Article 16 : Les acteurs ruraux doivent collaborer pour lutter efficacement contre la désertification.
Ils coopèrent avec les institutions nationales et internationales compétentes en matière de protection des écosystèmes naturels, de préservation de leur fonctionnement équilibré et de valorisation de leur potentiel productif.
Article 17 : Les actions et projets de développement doivent être conçus et réalisés en tenant compte de la nécessité de préserver les ressources pastorales en tant qu’éléments essentiels du cadre et de la qualité de vie des populations rurales.
A cet effet, une étude d’impact sur l’environnement est exigée chaque fois que la réalisation d’un projet, d’un programme ou d’un plan de développement est susceptible de causer des dommages à l’environnement ou d’entraîner la suppression totale ou partielle de ressources pastorales.
TITRE II. REGIME DES RESSOURCES PASTORALES
Chapitre 1 – Énumération et classification des ressources pastorales
Article 18 : Les ressources pastorales sont constituées par :
les pâturages naturels herbacés ;
les pâturages aériens;
les cultures fourragères;
les ressources en eau, superficielles ou souterraines utilisées à des fins pastorales.
Constituent également des ressources pastorales.
les espaces où se pratiquent habituellement les cures salées; les zones de mangroves;
les zones de palmiers doum.
Article 19 : Les espaces pastoraux comprennent les espaces pastoraux coutumiers et les espaces pastoraux immatriculés.
Article 20 : Les espaces pastoraux coutumiers sont constitués par les pâturages lignagers et par les pâturages communautaires.
Les pâturages lignagers sont des espaces pastoraux détenus en vertu de faits ancestraux de possession, exercés à titre particulier, exclusif ou prioritaire, par des lignages déterminés, et dont les droits sont unanimement reconnus comme légitimes par les communautés de base dont relèvent ces lignages;
Les pâturages communautaires sont des espaces pastoraux occupés et exploités de manière commune par les membres d’une communauté de base, sans qu’un lignage déterminé membre de cette communauté de base puisse se prévaloir de droits particuliers, exclusifs ou prioritaires.
Article 21 : Les espaces pastoraux immatriculés sont ceux occupés en vertu d’un titre foncier régulièrement délivré conformément à la législation foncière en vigueur.
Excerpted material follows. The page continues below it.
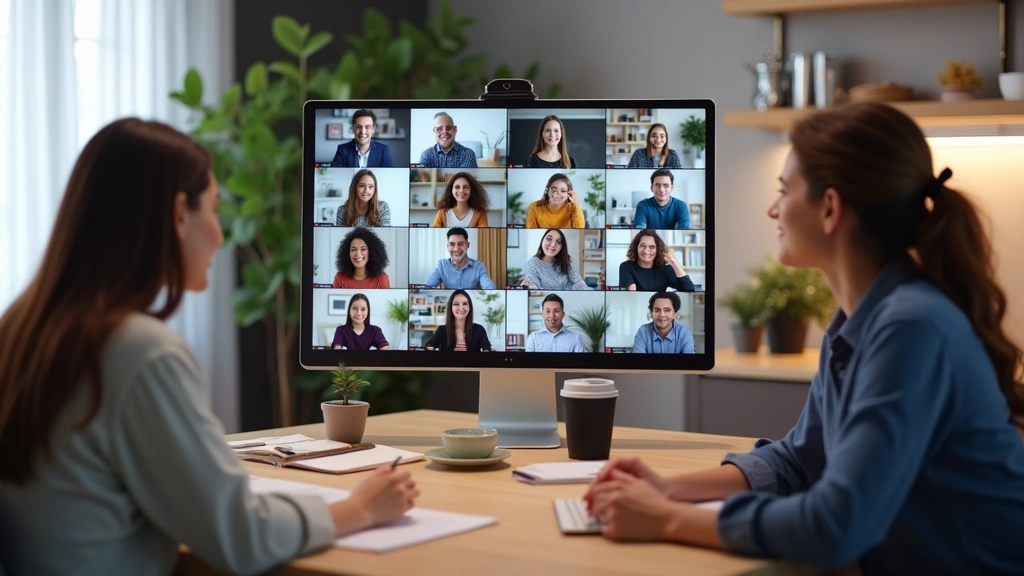 Diverse group of graduate students in virtual classroom meeting, professional video conference setup, modern home office back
Ces espaces peuvent être :
soit intégrés au domaine privé de l’État ou des collectivités territoriales décentralisées; soit concédés au profit de personnes privées;
soit détenus en vertu d’un titre foncier de propriété privée régulièrement délivré.
Au sens de la présente loi, sont assimilés aux espaces pastoraux immatriculés, les espaces ruraux pastoraux relevant du domaine public de l’État, tels que les zones de mangroves ou certaines zones de cures salées.
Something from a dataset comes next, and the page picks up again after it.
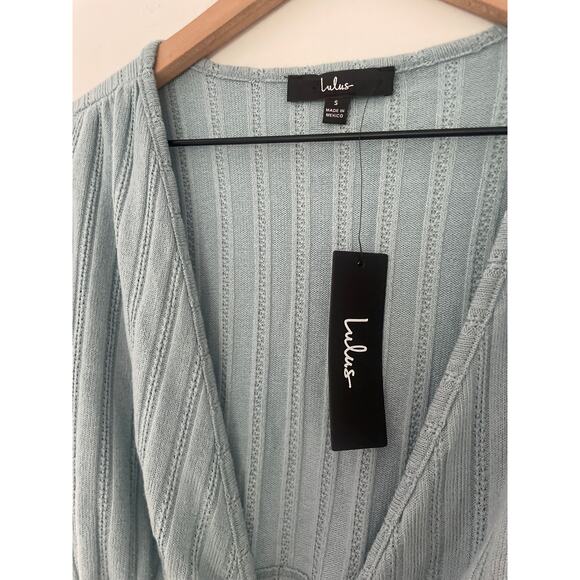 Lulus Vibe Check Ribbed Blue Wrap Crop Top Size Small Balloon Sleeve - Picture 8 of 9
Section 2. Les ressources en eau
Article 22 : Les points d’eau pastoraux comprennent les points d’eau naturels et les points d’eau aménagés.
Constituent des points d’eau naturels: les cours d’eau; les lacs et étangs; les mares et gueltas.
Constituent des points d’eau aménagés:les puits;les forages ;tous autres ouvrages hydrauliques destinés à la maîtrise de l’eau telles que les retenues collinaires.
Au sens de la présente loi, les puits sont les ouvrages hydrauliques permettant de prélever les ressources souterraines en eau à une faible profondeur; les forages sont les ouvrages hydrauliques permettant de capter les ressources en eau à une grande profondeur.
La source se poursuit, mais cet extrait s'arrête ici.